Euskotren, sociedad dependiente del departamento de Transportes del Gobierno vasco, precisó que una de las personas heridas se encuentra muy grave, otra grave y la tercera, un joven de 28 años, ha sufrido heridas de carácter leve. Así, la herida más grave es una mujer de 57 años que se encuentra ingresada en la Unidad de Anestesia y Reanimación del Hospital de Cruces, en Barakaldo (Vizcaya).
El Hospital de Cruces, no ha precisado el tipo de lesiones de esta mujer, pero ha anunciado que hoy hará público un parte médico sobre el estado de salud de la paciente.

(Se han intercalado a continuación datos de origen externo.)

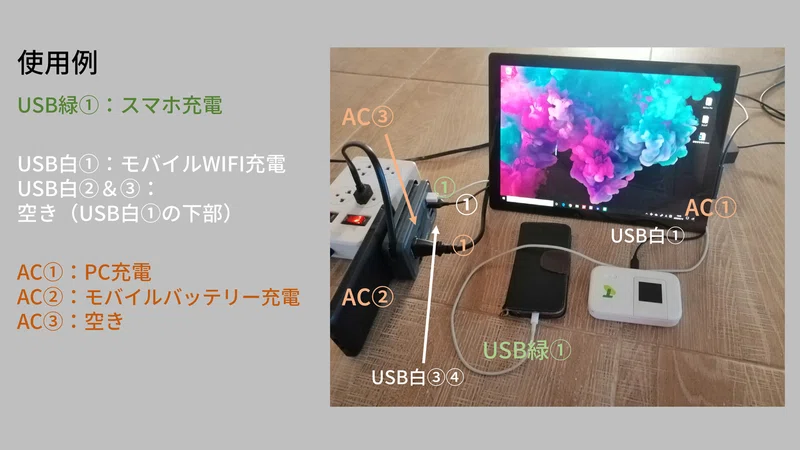 海外でpc スマホ バッテリーを一度に充電したい人におすすめのモバイル充電ポート Taka Note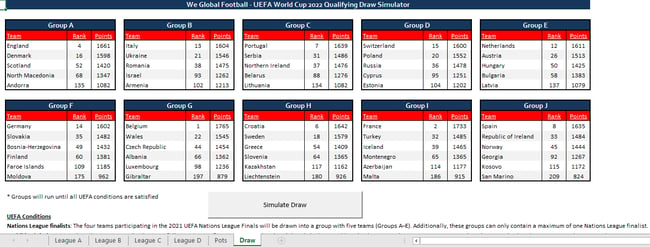 World Cup 2022 UEFA Pot and Draw Simulator | We Global Football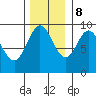 Elbow Passage tide chart for Wednesday, November 8, 2023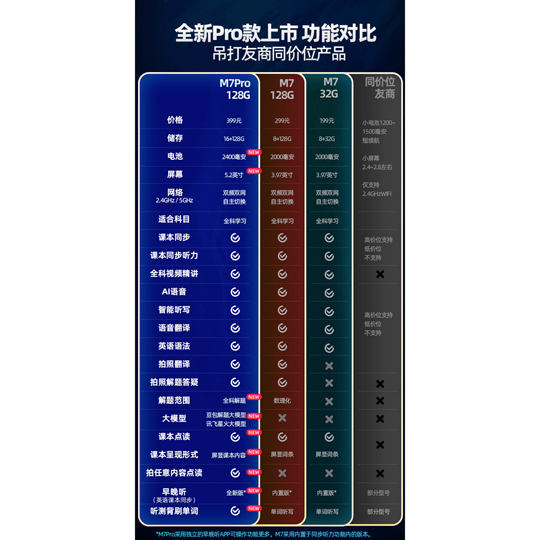 【读书郎 国补15%】M7智能听力学习机英语听力宝AI精准学复读机随身听学习机语文英语学习提升神器口语练习机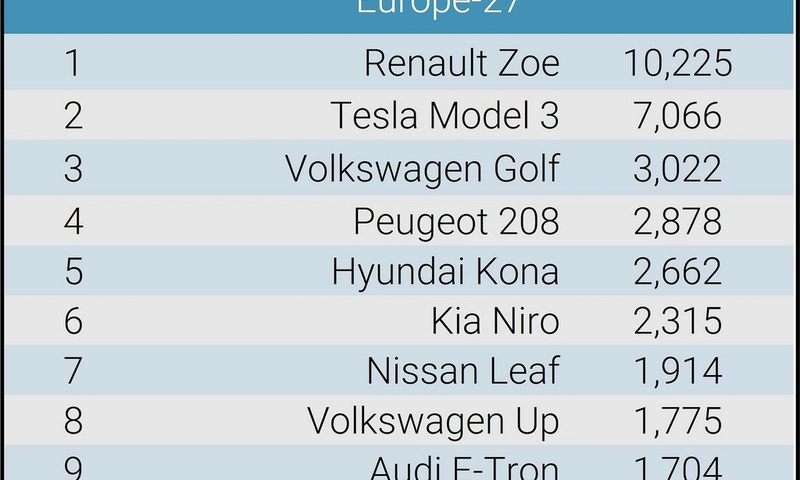 The 10 best electric cars of 2020
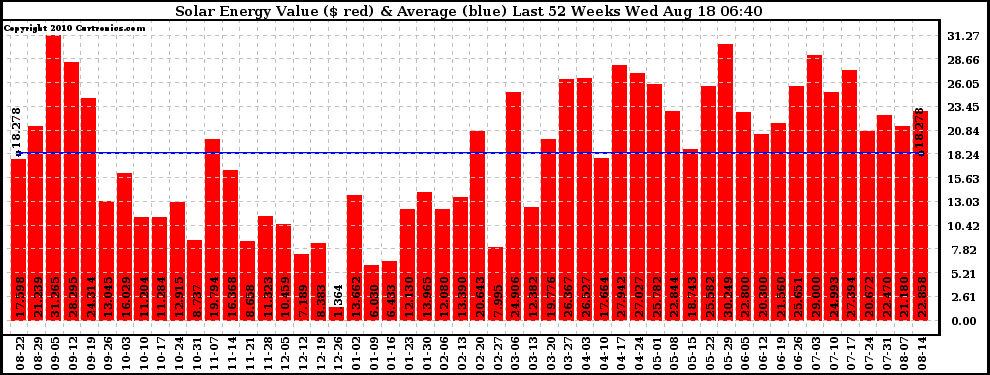 Solar PV/Inverter Performance Weekly Solar Energy Production Value Last 52 Weeks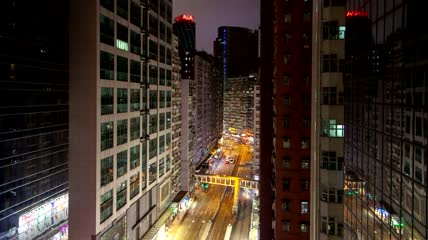 香港的街道交通十分繁忙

Los otros dos heridos, una mujer de 23 años y un varón de 28 que sufrieron lesiones de menor gravedad, fueron por su parte trasladados al hospital de Galdakao.

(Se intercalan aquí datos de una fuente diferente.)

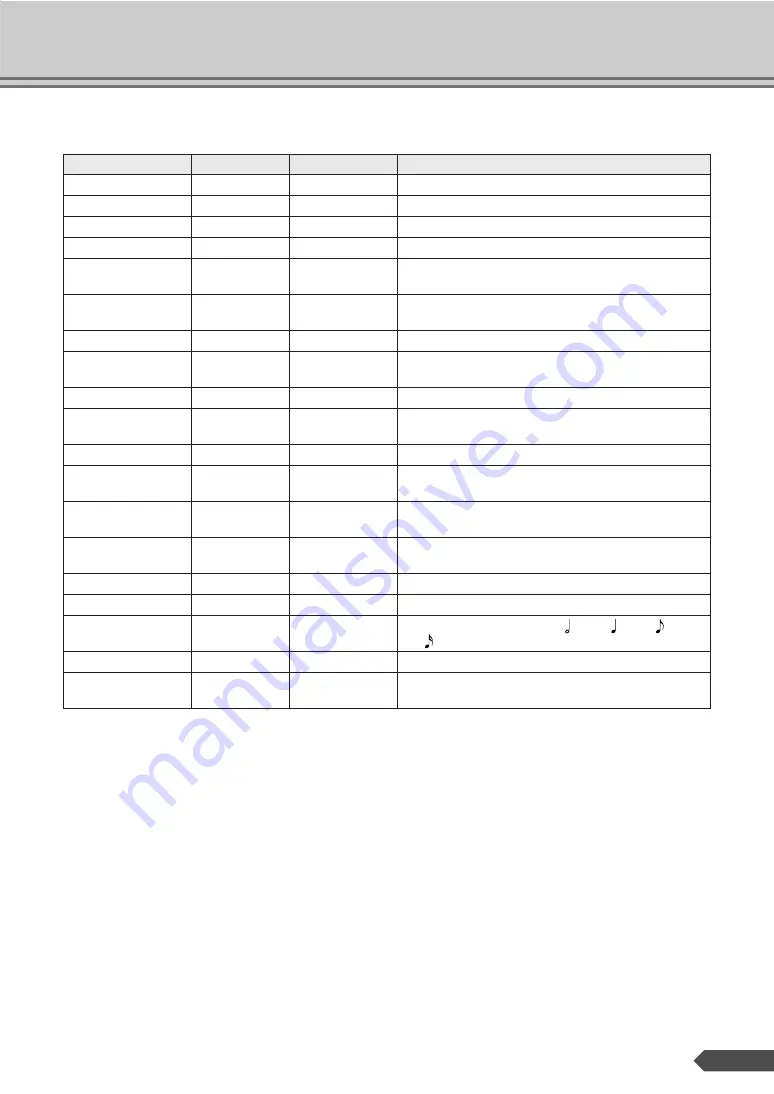 Yamaha Portatone EZ-J200 (Japanese) Owner'S Manual Download Page 53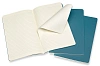 Блокнот в линейку Moleskine "Cahier Journal" 3 шт Large 13х21 мм 84 стр, обложка голубая 4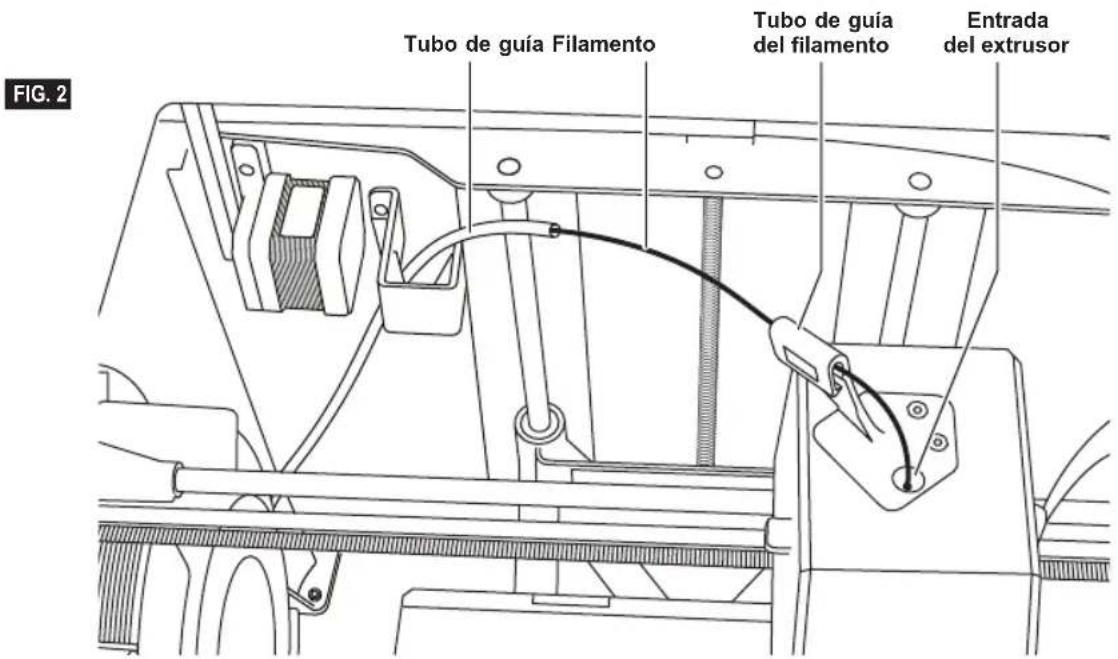 DREMEL DigiLab 3D40 - ATENCIÓN - 4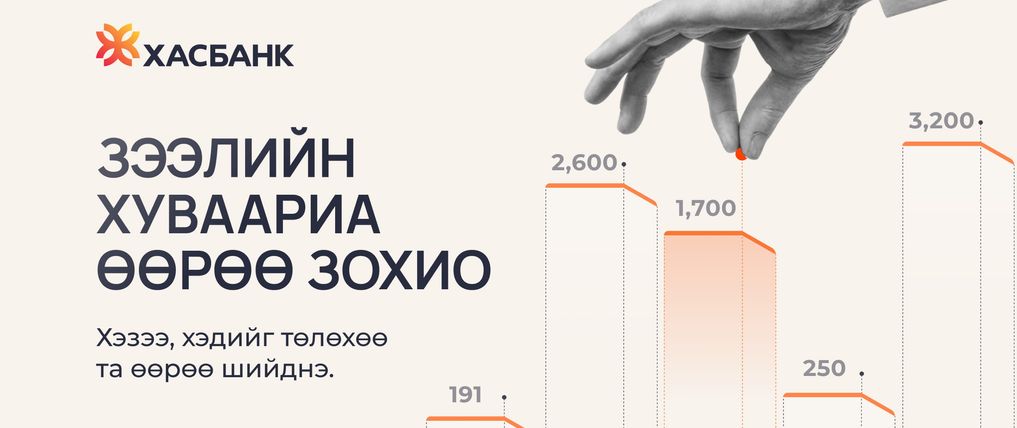 Зураг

Dos mujeres que residen en un caserío situado a unas decenas de metros de la estación relataron que hacia las cuatro y media de la tarde, mientras se encontraban en el salón, oyeron un ruido muy fuerte y al bajar a la estación se encontraron a dos mujeres heridas.
Al lugar del accidente se desplazaron varias dotaciones de los bomberos de la Diputación de Vizcaya, servicios sanitarios y unidades de la Ertzaintza, que acordonó los principales accesos al lugar. Numerosas personas se agolpaban en el cordón policial, que fue habilitado en un perímetro de unos 60 metros respecto al lugar del accidente.
Un vecino de Lezama valoró que en la curva anterior a la estación «habitualmente el tren circula a menos de 40 kilómetros por hora, así que, por el estado en el que ha quedado el vagón, debía de ir mucho más rápido». La unidad siniestrada cubría la línea de Euskotren que une el barrio de Deusto, en Bilbao, con Lezama, una localidad de algo más de dos mil habitantes situada a una veintena de kilómetros de la capital vizcaína.
Como consecuencia del accidente, la línea ferroviaria fue cortada entre las localidades de Sondika y Lezama, por lo que Euskotren dispuso un servicio de transbordo en autobús en este tramo.
La compañía de transportes informó de que ha abierto una investigación para aclarar los motivos del accidente.
Tras el suceso, el sindicato UGT-Euskadi, a través de un comunicado, lamentó al muerte del maquinista y exigió «rigor» en la investigación del accidente.
Por otro lado, en una zona no acordonada, una campa vallada, agentes de la Policía vasca identificaron a dos fotógrafos de prensa, a uno de los cuales esposaron las manos a la espalda e imputaron por desacato, después de un rifirrafe verbal cuando un ertzaina les ordenó que, por motivos de seguridad según el departamento de Interior, abandonaran el lugar.